* **PROBLEM**
What is needed is an exact copy of all the data.

= = = =

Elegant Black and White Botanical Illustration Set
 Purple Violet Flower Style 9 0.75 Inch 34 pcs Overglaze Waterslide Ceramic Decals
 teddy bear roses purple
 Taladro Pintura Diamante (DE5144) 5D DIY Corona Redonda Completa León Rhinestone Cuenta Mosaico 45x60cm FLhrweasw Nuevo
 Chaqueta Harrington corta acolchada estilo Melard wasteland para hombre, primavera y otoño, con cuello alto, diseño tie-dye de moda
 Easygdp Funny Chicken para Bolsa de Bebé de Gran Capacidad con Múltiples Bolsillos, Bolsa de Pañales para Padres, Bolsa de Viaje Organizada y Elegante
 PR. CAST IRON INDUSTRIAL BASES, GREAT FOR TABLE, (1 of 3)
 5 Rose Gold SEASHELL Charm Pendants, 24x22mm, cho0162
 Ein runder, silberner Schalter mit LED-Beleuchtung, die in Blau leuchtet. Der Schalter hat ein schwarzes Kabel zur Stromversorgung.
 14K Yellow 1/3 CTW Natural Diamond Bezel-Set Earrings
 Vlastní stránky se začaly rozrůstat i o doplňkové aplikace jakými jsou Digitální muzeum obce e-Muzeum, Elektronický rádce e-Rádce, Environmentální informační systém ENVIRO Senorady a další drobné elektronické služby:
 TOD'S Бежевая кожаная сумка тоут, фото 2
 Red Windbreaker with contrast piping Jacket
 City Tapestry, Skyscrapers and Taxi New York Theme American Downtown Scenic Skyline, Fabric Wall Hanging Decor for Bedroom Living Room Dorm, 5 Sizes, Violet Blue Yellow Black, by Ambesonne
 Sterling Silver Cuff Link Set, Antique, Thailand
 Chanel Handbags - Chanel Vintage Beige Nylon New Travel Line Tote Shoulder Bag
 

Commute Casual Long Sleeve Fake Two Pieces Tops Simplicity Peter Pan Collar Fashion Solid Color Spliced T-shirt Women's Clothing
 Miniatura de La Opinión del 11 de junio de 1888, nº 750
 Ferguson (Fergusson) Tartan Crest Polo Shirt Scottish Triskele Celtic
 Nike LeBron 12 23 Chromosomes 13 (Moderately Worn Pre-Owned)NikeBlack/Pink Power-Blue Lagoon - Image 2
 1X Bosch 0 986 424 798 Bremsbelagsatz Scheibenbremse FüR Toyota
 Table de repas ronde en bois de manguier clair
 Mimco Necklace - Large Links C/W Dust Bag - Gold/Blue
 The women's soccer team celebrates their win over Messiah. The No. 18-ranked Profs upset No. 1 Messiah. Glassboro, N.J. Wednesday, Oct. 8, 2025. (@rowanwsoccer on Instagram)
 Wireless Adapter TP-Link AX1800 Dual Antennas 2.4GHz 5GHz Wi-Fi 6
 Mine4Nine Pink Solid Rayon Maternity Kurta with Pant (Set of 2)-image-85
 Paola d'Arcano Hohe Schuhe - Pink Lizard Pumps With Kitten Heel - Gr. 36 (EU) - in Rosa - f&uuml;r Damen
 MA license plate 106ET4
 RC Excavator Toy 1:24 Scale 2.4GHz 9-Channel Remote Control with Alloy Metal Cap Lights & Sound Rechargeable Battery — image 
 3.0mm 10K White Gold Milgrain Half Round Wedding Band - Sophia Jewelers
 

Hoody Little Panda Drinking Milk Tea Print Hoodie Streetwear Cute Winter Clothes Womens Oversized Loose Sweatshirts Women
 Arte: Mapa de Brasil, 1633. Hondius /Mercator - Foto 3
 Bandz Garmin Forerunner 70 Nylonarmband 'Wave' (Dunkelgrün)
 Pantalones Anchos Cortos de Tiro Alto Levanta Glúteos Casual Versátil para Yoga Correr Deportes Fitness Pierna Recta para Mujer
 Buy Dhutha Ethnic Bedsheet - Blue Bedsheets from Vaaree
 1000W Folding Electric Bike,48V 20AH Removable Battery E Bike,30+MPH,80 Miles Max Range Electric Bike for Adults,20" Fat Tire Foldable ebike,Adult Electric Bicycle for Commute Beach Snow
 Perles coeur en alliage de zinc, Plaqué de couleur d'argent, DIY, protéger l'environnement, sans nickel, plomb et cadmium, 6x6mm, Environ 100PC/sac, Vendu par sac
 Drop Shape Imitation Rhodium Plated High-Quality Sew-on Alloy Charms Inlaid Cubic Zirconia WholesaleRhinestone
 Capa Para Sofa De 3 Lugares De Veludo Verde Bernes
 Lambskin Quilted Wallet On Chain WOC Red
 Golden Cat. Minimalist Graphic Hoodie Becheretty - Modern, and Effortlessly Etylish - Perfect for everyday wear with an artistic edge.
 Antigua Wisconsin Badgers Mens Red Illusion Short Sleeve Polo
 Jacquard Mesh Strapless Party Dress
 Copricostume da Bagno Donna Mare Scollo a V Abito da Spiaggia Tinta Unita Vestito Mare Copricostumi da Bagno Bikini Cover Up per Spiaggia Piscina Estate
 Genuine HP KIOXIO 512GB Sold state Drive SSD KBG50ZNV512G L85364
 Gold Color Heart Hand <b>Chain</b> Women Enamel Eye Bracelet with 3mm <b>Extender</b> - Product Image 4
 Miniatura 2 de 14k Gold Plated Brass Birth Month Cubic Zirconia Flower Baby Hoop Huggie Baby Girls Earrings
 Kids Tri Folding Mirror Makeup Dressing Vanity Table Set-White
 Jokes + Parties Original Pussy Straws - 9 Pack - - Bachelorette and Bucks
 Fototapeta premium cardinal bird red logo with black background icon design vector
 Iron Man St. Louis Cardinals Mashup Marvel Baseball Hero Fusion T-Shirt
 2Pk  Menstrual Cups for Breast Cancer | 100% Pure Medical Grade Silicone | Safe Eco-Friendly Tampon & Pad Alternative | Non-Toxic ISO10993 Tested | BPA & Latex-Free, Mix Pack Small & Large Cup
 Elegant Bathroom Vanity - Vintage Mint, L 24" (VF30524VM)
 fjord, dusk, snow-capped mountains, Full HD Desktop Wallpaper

= = = =

* **RESULT**
Elegant Black and White Botanical Illustration Set
 Purple Violet Flower Style 9 0.75 Inch 34 pcs Overglaze Waterslide Ceramic Decals
 teddy bear roses purple
 Taladro Pintura Diamante (DE5144) 5D DIY Corona Redonda Completa León Rhinestone Cuenta Mosaico 45x60cm FLhrweasw Nuevo
 Chaqueta Harrington corta acolchada estilo Melard wasteland para hombre, primavera y otoño, con cuello alto, diseño tie-dye de moda
 Easygdp Funny Chicken para Bolsa de Bebé de Gran Capacidad con Múltiples Bolsillos, Bolsa de Pañales para Padres, Bolsa de Viaje Organizada y Elegante
 PR. CAST IRON INDUSTRIAL BASES, GREAT FOR TABLE, (1 of 3)
 5 Rose Gold SEASHELL Charm Pendants, 24x22mm, cho0162
 Ein runder, silberner Schalter mit LED-Beleuchtung, die in Blau leuchtet. Der Schalter hat ein schwarzes Kabel zur Stromversorgung.
 14K Yellow 1/3 CTW Natural Diamond Bezel-Set Earrings
 Vlastní stránky se začaly rozrůstat i o doplňkové aplikace jakými jsou Digitální muzeum obce e-Muzeum, Elektronický rádce e-Rádce, Environmentální informační systém ENVIRO Senorady a další drobné elektronické služby:
 TOD'S Бежевая кожаная сумка тоут, фото 2
 Red Windbreaker with contrast piping Jacket
 City Tapestry, Skyscrapers and Taxi New York Theme American Downtown Scenic Skyline, Fabric Wall Hanging Decor for Bedroom Living Room Dorm, 5 Sizes, Violet Blue Yellow Black, by Ambesonne
 Sterling Silver Cuff Link Set, Antique, Thailand
 Chanel Handbags - Chanel Vintage Beige Nylon New Travel Line Tote Shoulder Bag
 

Commute Casual Long Sleeve Fake Two Pieces Tops Simplicity Peter Pan Collar Fashion Solid Color Spliced T-shirt Women's Clothing
 Miniatura de La Opinión del 11 de junio de 1888, nº 750
 Ferguson (Fergusson) Tartan Crest Polo Shirt Scottish Triskele Celtic
 Nike LeBron 12 23 Chromosomes 13 (Moderately Worn Pre-Owned)NikeBlack/Pink Power-Blue Lagoon - Image 2
 1X Bosch 0 986 424 798 Bremsbelagsatz Scheibenbremse FüR Toyota
 Table de repas ronde en bois de manguier clair
 Mimco Necklace - Large Links C/W Dust Bag - Gold/Blue
 The women's soccer team celebrates their win over Messiah. The No. 18-ranked Profs upset No. 1 Messiah. Glassboro, N.J. Wednesday, Oct. 8, 2025. (@rowanwsoccer on Instagram)
 Wireless Adapter TP-Link AX1800 Dual Antennas 2.4GHz 5GHz Wi-Fi 6
 Mine4Nine Pink Solid Rayon Maternity Kurta with Pant (Set of 2)-image-85
 Paola d'Arcano Hohe Schuhe - Pink Lizard Pumps With Kitten Heel - Gr. 36 (EU) - in Rosa - f&uuml;r Damen
 MA license plate 106ET4
 RC Excavator Toy 1:24 Scale 2.4GHz 9-Channel Remote Control with Alloy Metal Cap Lights & Sound Rechargeable Battery — image 
 3.0mm 10K White Gold Milgrain Half Round Wedding Band - Sophia Jewelers
 

Hoody Little Panda Drinking Milk Tea Print Hoodie Streetwear Cute Winter Clothes Womens Oversized Loose Sweatshirts Women
 Arte: Mapa de Brasil, 1633. Hondius /Mercator - Foto 3
 Bandz Garmin Forerunner 70 Nylonarmband 'Wave' (Dunkelgrün)
 Pantalones Anchos Cortos de Tiro Alto Levanta Glúteos Casual Versátil para Yoga Correr Deportes Fitness Pierna Recta para Mujer
 Buy Dhutha Ethnic Bedsheet - Blue Bedsheets from Vaaree
 1000W Folding Electric Bike,48V 20AH Removable Battery E Bike,30+MPH,80 Miles Max Range Electric Bike for Adults,20" Fat Tire Foldable ebike,Adult Electric Bicycle for Commute Beach Snow
 Perles coeur en alliage de zinc, Plaqué de couleur d'argent, DIY, protéger l'environnement, sans nickel, plomb et cadmium, 6x6mm, Environ 100PC/sac, Vendu par sac
 Drop Shape Imitation Rhodium Plated High-Quality Sew-on Alloy Charms Inlaid Cubic Zirconia WholesaleRhinestone
 Capa Para Sofa De 3 Lugares De Veludo Verde Bernes
 Lambskin Quilted Wallet On Chain WOC Red
 Golden Cat. Minimalist Graphic Hoodie Becheretty - Modern, and Effortlessly Etylish - Perfect for everyday wear with an artistic edge.
 Antigua Wisconsin Badgers Mens Red Illusion Short Sleeve Polo
 Jacquard Mesh Strapless Party Dress
 Copricostume da Bagno Donna Mare Scollo a V Abito da Spiaggia Tinta Unita Vestito Mare Copricostumi da Bagno Bikini Cover Up per Spiaggia Piscina Estate
 Genuine HP KIOXIO 512GB Sold state Drive SSD KBG50ZNV512G L85364
 Gold Color Heart Hand <b>Chain</b> Women Enamel Eye Bracelet with 3mm <b>Extender</b> - Product Image 4
 Miniatura 2 de 14k Gold Plated Brass Birth Month Cubic Zirconia Flower Baby Hoop Huggie Baby Girls Earrings
 Kids Tri Folding Mirror Makeup Dressing Vanity Table Set-White
 Jokes + Parties Original Pussy Straws - 9 Pack - - Bachelorette and Bucks
 Fototapeta premium cardinal bird red logo with black background icon design vector
 Iron Man St. Louis Cardinals Mashup Marvel Baseball Hero Fusion T-Shirt
 2Pk  Menstrual Cups for Breast Cancer | 100% Pure Medical Grade Silicone | Safe Eco-Friendly Tampon & Pad Alternative | Non-Toxic ISO10993 Tested | BPA & Latex-Free, Mix Pack Small & Large Cup
 Elegant Bathroom Vanity - Vintage Mint, L 24" (VF30524VM)
 fjord, dusk, snow-capped mountains, Full HD Desktop Wallpaper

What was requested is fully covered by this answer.